Will Taylor, the chairperson for the diesel competition portion of the event and a professor in the diesel program at Northern, said 13 students from Havre High School and the college will be competing this year.
“It’s an honor to be able to host these continually,” Taylor said.
Nine college students and six high school students from Havre will be testing themselves in various skills such as finding and solving problems in engines.
There will be 13 stations where the students look at a vehicle, Taylor said. The college students will be looking at a semi-trailer and high school students will be looking at a pickup truck.
The competitors’ names are kept as secret as possible from organizers before set-up for the competition.
“We do our best to make sure we don’t know much about the students who are competing to level out the playing field,” Taylor said.
Taylor said this is to avoid any students from gaining an unfair advantage. All students will be able to see the stations and take photos if they would like to see what they are up against prior to the start of the competition.

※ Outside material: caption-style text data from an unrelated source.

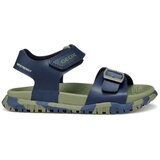 Geox Sandale za decake Cene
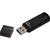 Memory stick Kingston Data Traveler Elite G2, DTEG2, USB 3.0, 64 GB, Negru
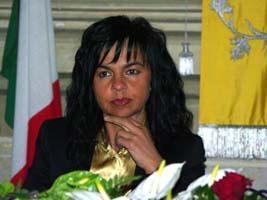 Il sindaco di Guiglia: «Attacchi assurdi contro di me» 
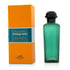 Hermes/エルメス+オードランジュヴェルテ オードトワレコンセントレイトスプレー +100ml/3.4oz ブランドコスメ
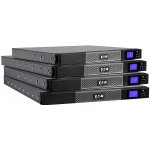 Eaton 5P1550IR – Zboží Živě Eaton 5P1550IR – Zboží Živě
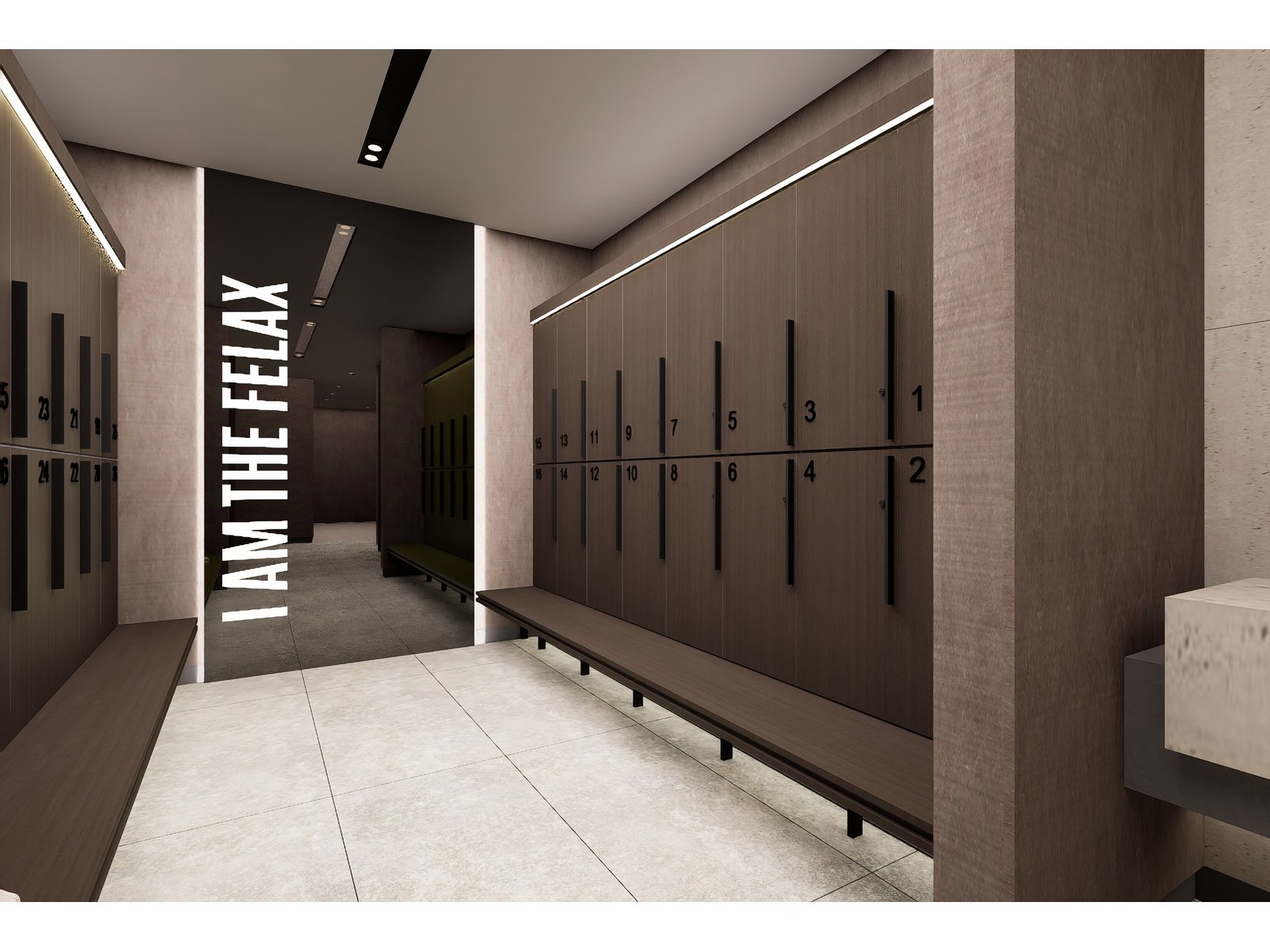Project image 21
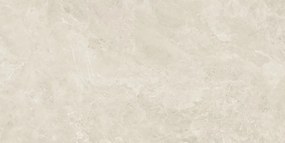 Dlažba Canyon Bone 60x120 R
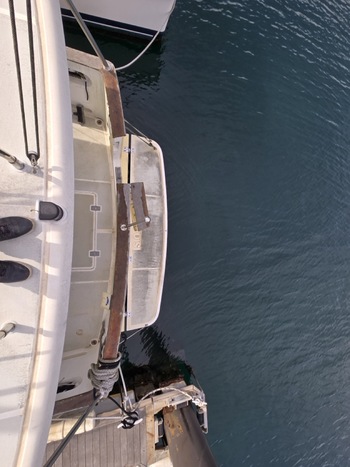 thumb_090447-jet-tern-marine-solo-43
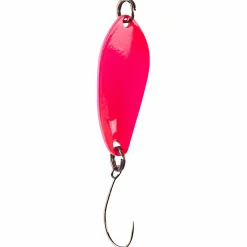 Online Iron Trout Spoon Wave (CWP)
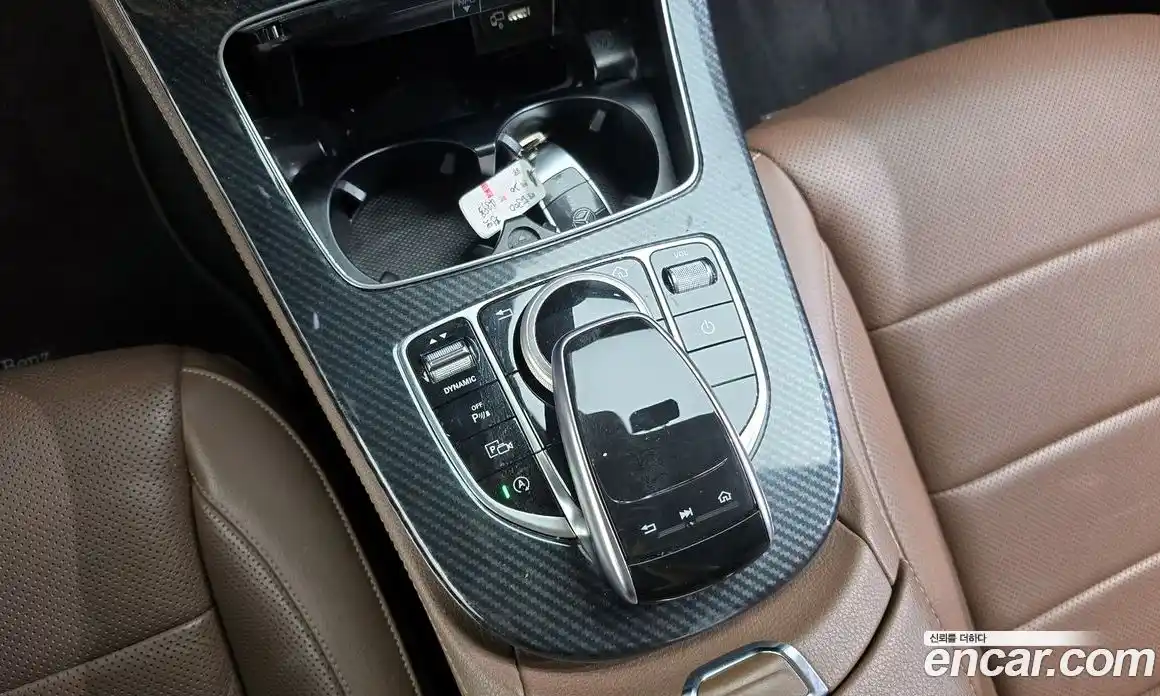 Mercedes-Benz E-Class 2020 2.0 Автомат в Москве № 204861, фото 15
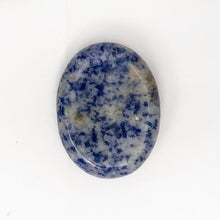 Load image into Gallery viewer, Genuine Gemstone Worrystone - The Gem Mine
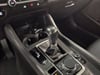 31 thumbnail image of  2021 Mazda Mazda3 Select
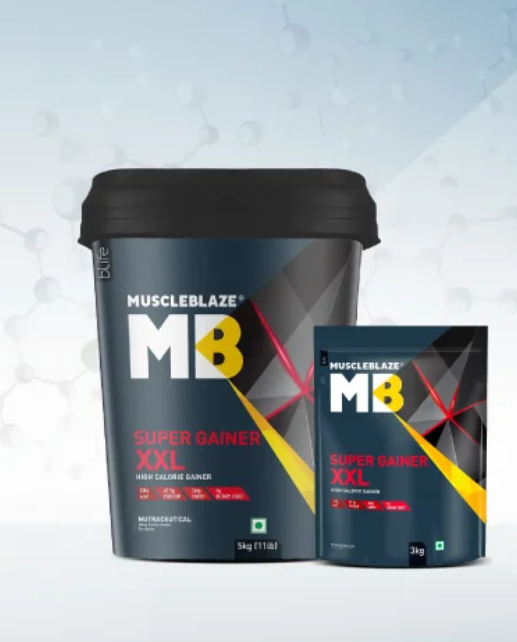 mbz protien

Taylor said the students will test the vehicle’s heating, ventilation and air conditioning systems, hydraulics and engines. Afterward, the students must complete a technical writing task. They will have to write a work order that companies and customers could understand easily.
This is a statewide competition by definition, Taylor said, but mostly only Billings and Havre partake in it.
“We’re trying to get others, but we can’t force them to come,” Taylor said.
Taylor said the competition is an opportunity for students to test themselves and their knowledge and find where they excel and where they are lacking.
The competition is not judged on whether or not they solve the problem but how they solve it. The competitors are judged on factors like workmanship and safety. If they just jump in and start cutting wires haphazardly, that takes their score down, Taylor said.
“They have to not only be able to solve the problem, but solve it efficiently, with minimal collateral damage,” Taylor said.
This is the fourth year Taylor has been helping organize the competition, and he has only seen one student from Northern take first in this state competition. The student couldn’t go to the national championships due to costs, Taylor said.
The national competition will be in Kansas City this year from June 23 to 27.